• _ACTIVITY_
Exact copy, pictures excluded: please retype every record below.

• _DATA TO USE_

____

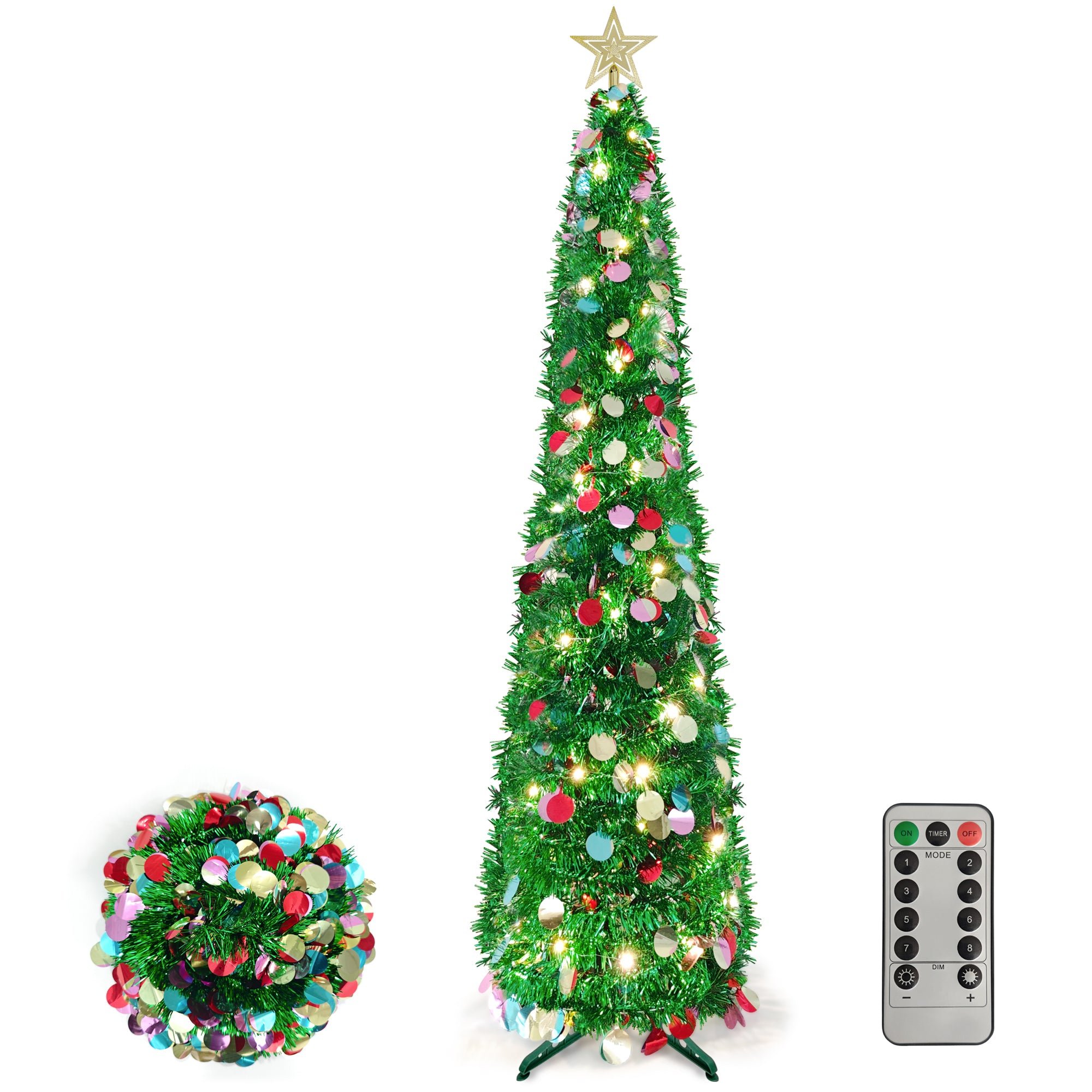 VeryMerry Green Pop Up Christmas Tree with LED Lights and Timer - 6FT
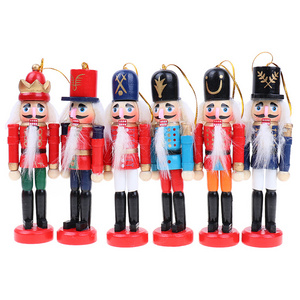 OEM 1PCS 12cm Nutcracker Puppet Desktop Decor Christmas Ornaments Cartoons Drawing Walnuts Soldiers Band Dolls Nutcracker Miniatures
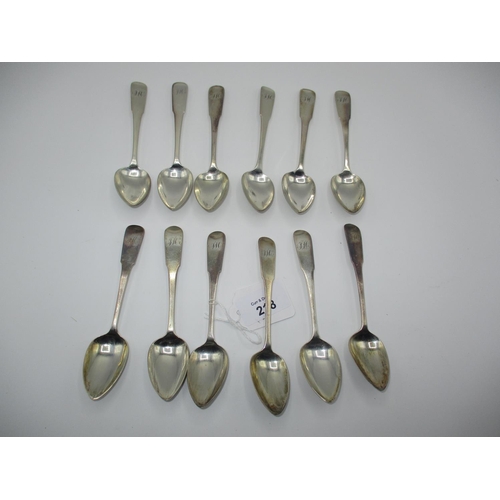 218 - Set of 12 Georgian Scottish Silver Teaspoons, Maker AH, 172g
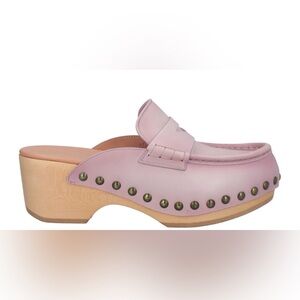 NIB santoni penny loafer clogs sz 39.5 lilac adorable for summer $758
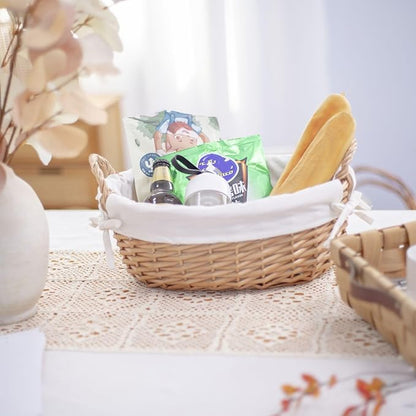 YRMT Wicker Empty Gift Basket to Fill, Wicker Storage Basket with Liner for Organizing Shelves Holiday Present Basket with Handles, Large 15" x 10.6" x 7.3"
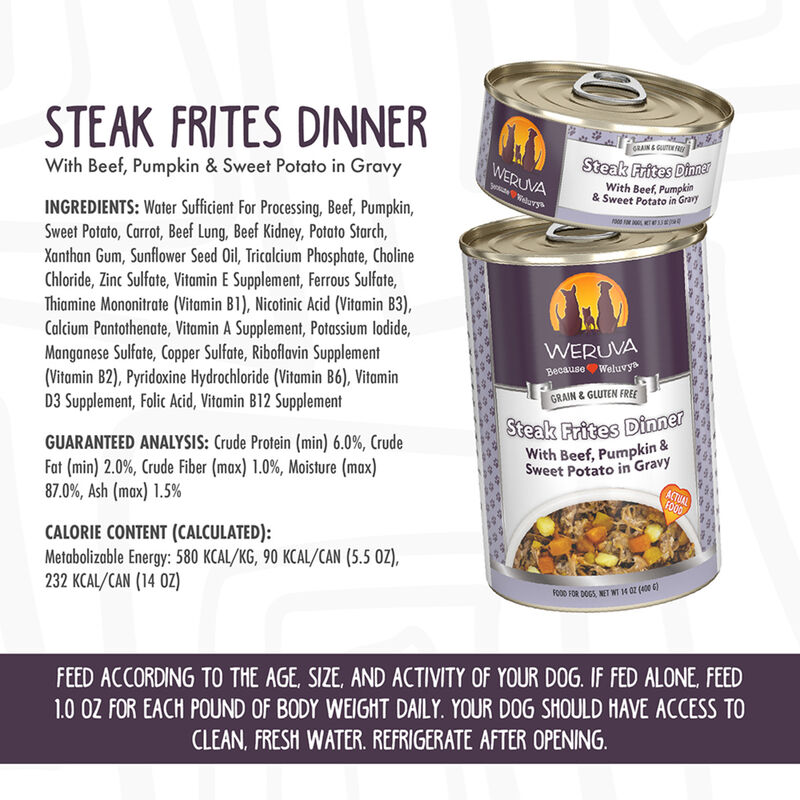 Weruva, Can, Adult - Steak Frites - Shreds - Wet Dog Food image number null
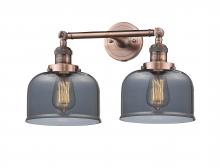  208-AC-G73-LED - Bell - 2 Light - 19 inch - Antique Copper - Bath Vanity Light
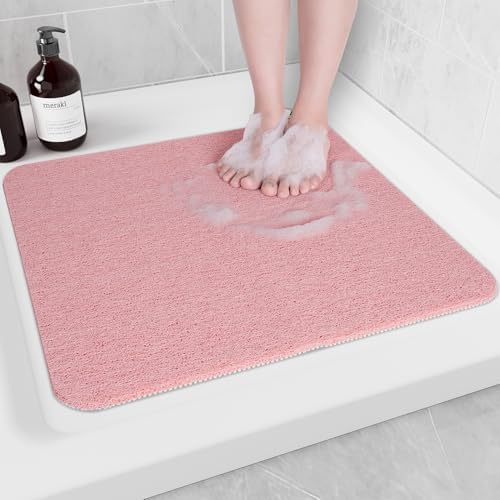 Hargiis Non-Slip Bathtub Mat, Anti Slip Shower Mat, Fast Drying Bathtub Mats, Foot Scrubber Mat, Anti Slip Mat for Tub, Floor, Bathroom, Kitchen, Home, Hotel (Pink 24"×24") by Hargiis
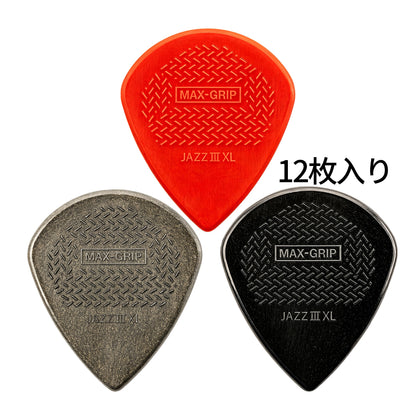 Jim Dunlop MAX-GRIP Jazz III XL ギターピック 12枚入り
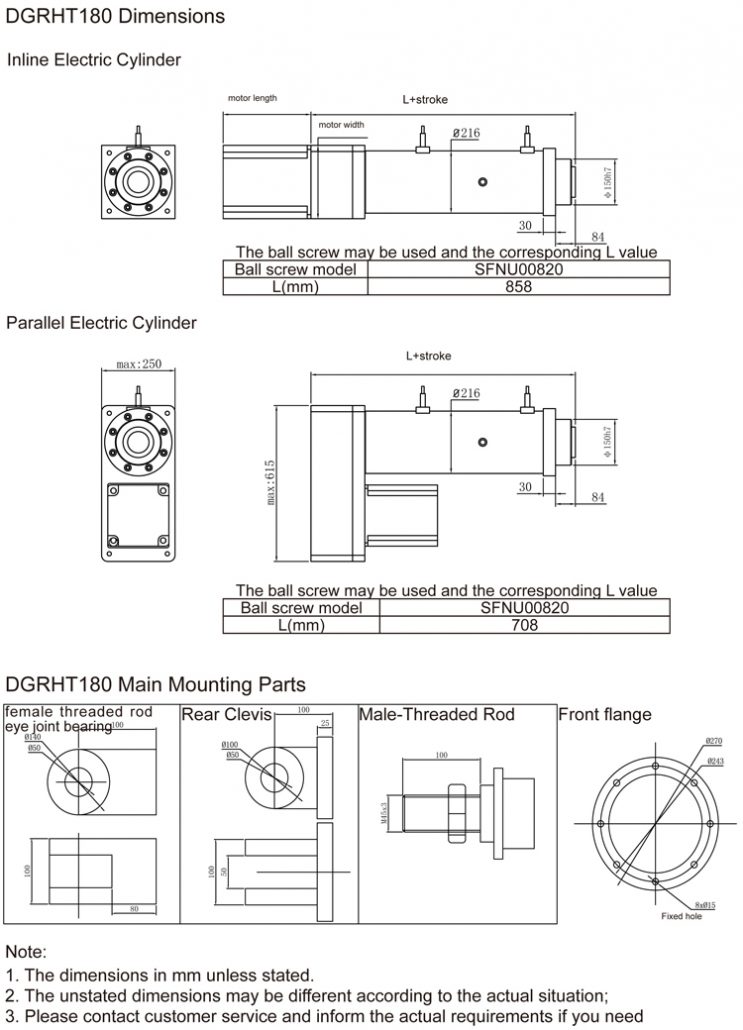 Large thrust servo electric cylinder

____

• _TASK SOLUTION_
 VeryMerry Green Pop Up Christmas Tree with LED Lights and Timer - 6FT
 OEM 1PCS 12cm Nutcracker Puppet Desktop Decor Christmas Ornaments Cartoons Drawing Walnuts Soldiers Band Dolls Nutcracker Miniatures
 218 - Set of 12 Georgian Scottish Silver Teaspoons, Maker AH, 172g
 NIB santoni penny loafer clogs sz 39.5 lilac adorable for summer $758
 YRMT Wicker Empty Gift Basket to Fill, Wicker Storage Basket with Liner for Organizing Shelves Holiday Present Basket with Handles, Large 15" x 10.6" x 7.3"
 Weruva, Can, Adult - Steak Frites - Shreds - Wet Dog Food image number null
  208-AC-G73-LED - Bell - 2 Light - 19 inch - Antique Copper - Bath Vanity Light
 Hargiis Non-Slip Bathtub Mat, Anti Slip Shower Mat, Fast Drying Bathtub Mats, Foot Scrubber Mat, Anti Slip Mat for Tub, Floor, Bathroom, Kitchen, Home, Hotel (Pink 24"×24") by Hargiis
 Jim Dunlop MAX-GRIP Jazz III XL ギターピック 12枚入り
 Large thrust servo electric cylinder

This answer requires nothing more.